:: DATA LISTING
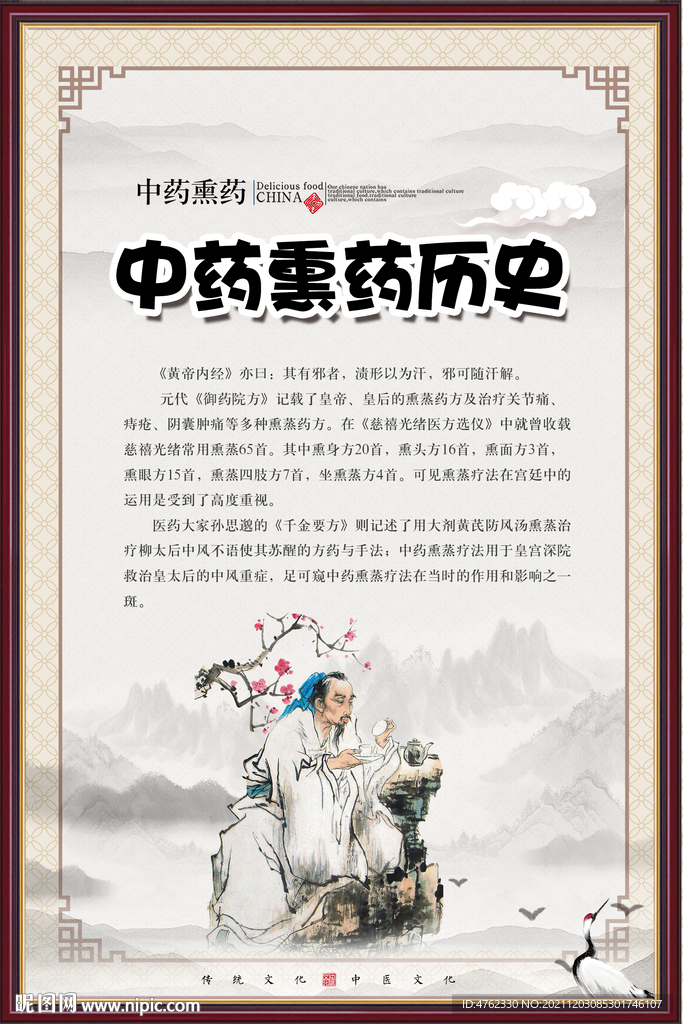 中医中药熏蒸熏药历史展板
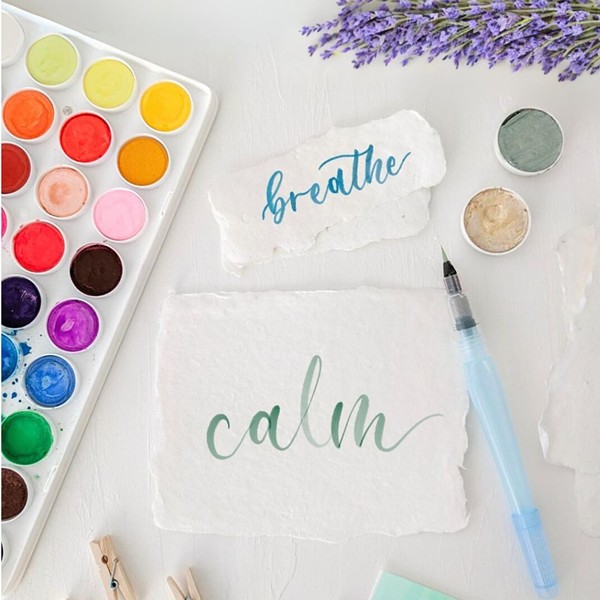 Calm Calligraphy with Watercolors
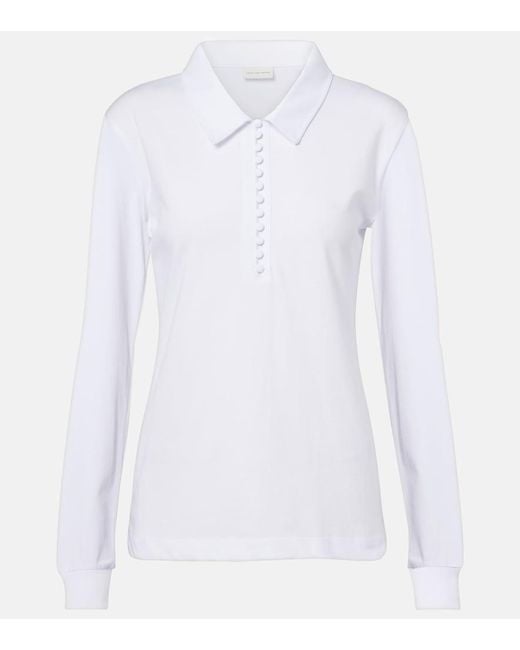 Dries Van Noten White Cotton Jersey Polo Shirt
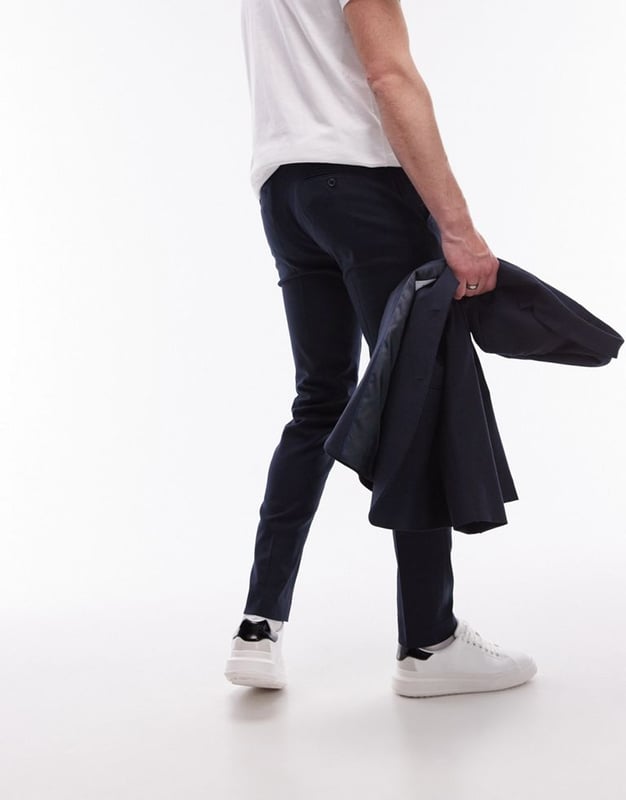 Topman skinny textured suit trousers in navy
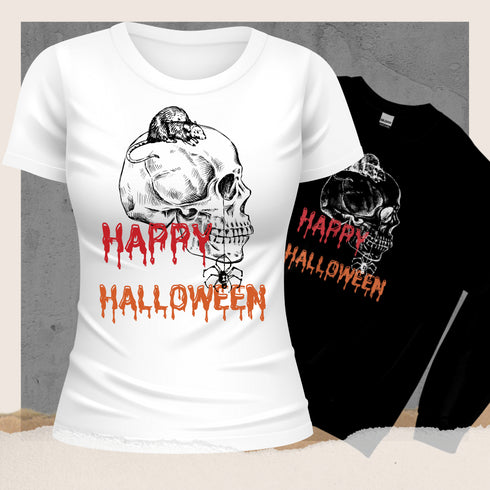 Happy Halloween Rat and Skull Crewneck T-Shirt/Sweatshirt-Unisex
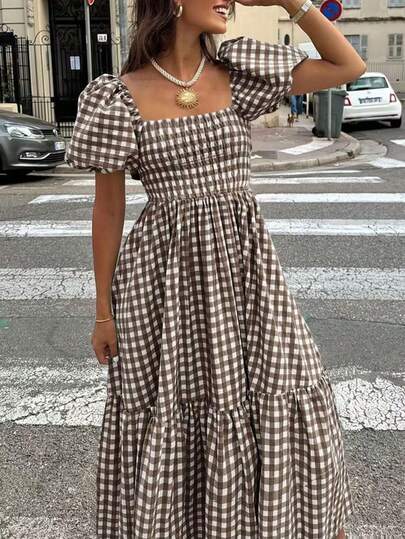 2026 Spring & Summer Women's Plaid Elegant Bohemian Casual Puff Sleeve Ruffle Hem Pleated Coffee Color Dress, Women's Concert Outfit, Street Style, Women's Valentine's Day Outfit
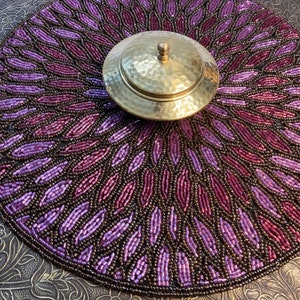 Handmade Beaded Placemat: Floral Table Mat, 14 inch Charger Plate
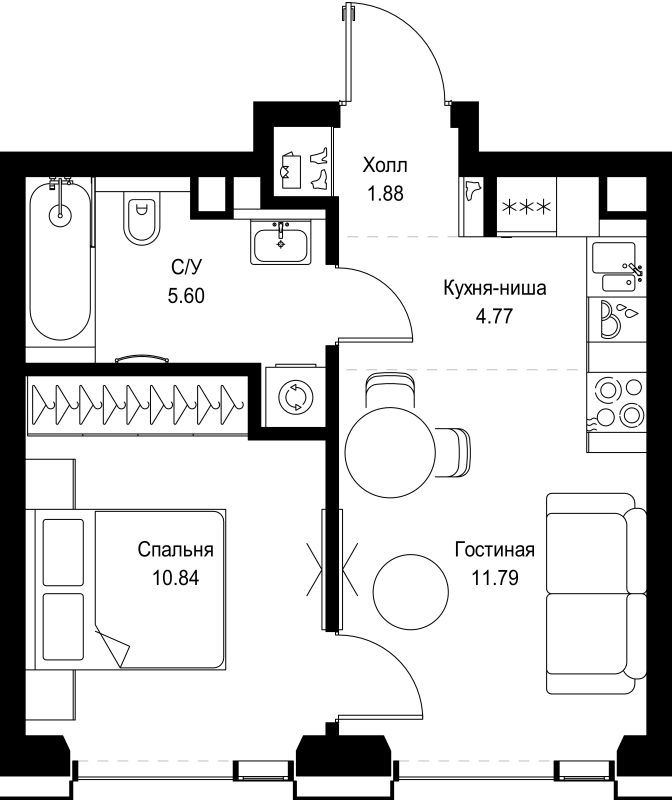 2 ккв (Евро) 34,9 м²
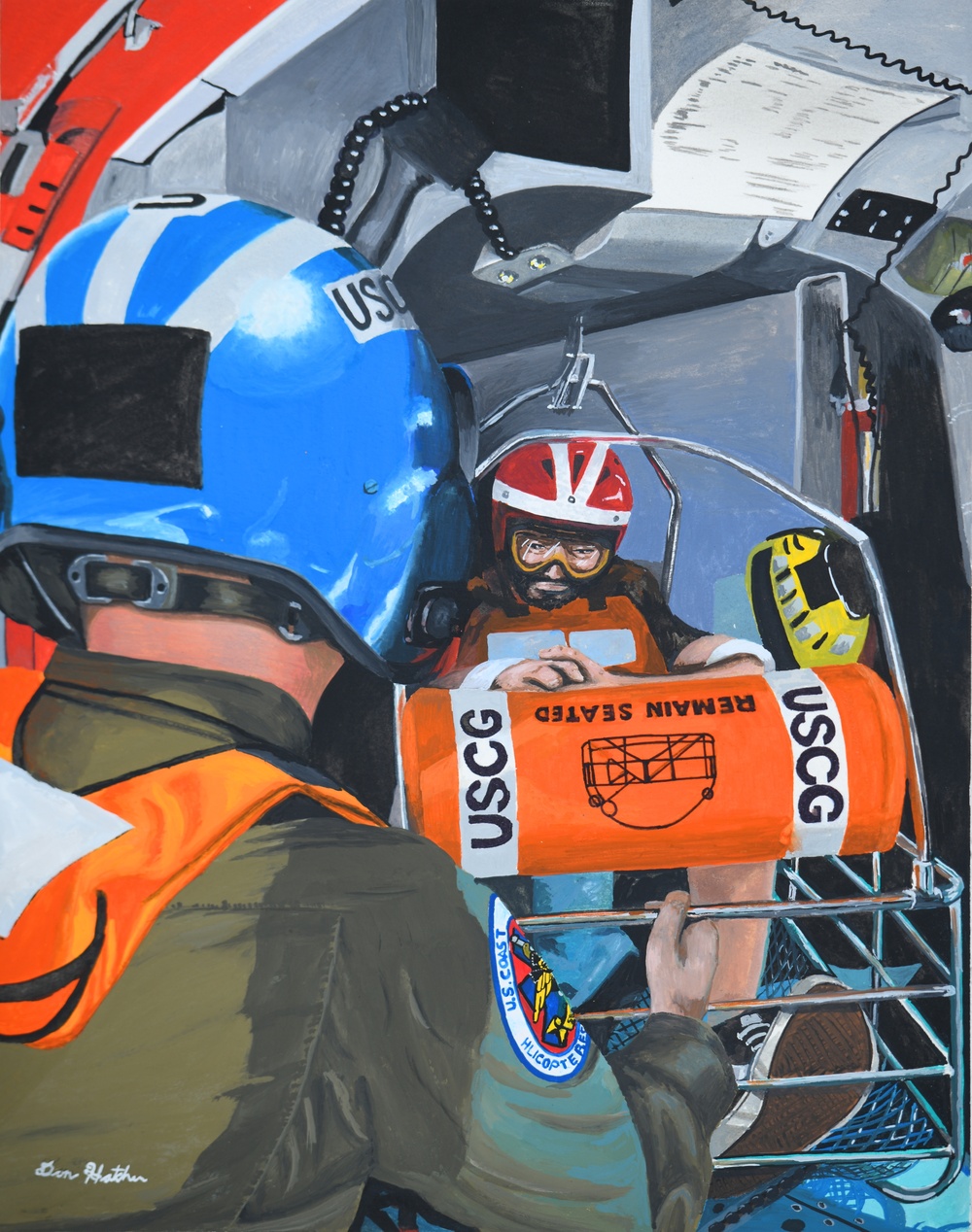US Coast Guard Art Program 2025 Collection, Object Id #202513, &quot;Coast Guard medevacs a survey vessel member,&quot; Don Hatcher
::::
YOUR OBJECTIVE -
Because only the text is wanted, copy each record above precisely and omit its pictures.

REPLY TO THE TASK -
 中医中药熏蒸熏药历史展板
 Calm Calligraphy with Watercolors
 Dries Van Noten White Cotton Jersey Polo Shirt
 Topman skinny textured suit trousers in navy
 Happy Halloween Rat and Skull Crewneck T-Shirt/Sweatshirt-Unisex
 2026 Spring & Summer Women's Plaid Elegant Bohemian Casual Puff Sleeve Ruffle Hem Pleated Coffee Color Dress, Women's Concert Outfit, Street Style, Women's Valentine's Day Outfit
 Handmade Beaded Placemat: Floral Table Mat, 14 inch Charger Plate
 2 ккв (Евро) 34,9 м²
US Coast Guard Art Program 2025 Collection, Object Id #202513, &quot;Coast Guard medevacs a survey vessel member,&quot; Don Hatcher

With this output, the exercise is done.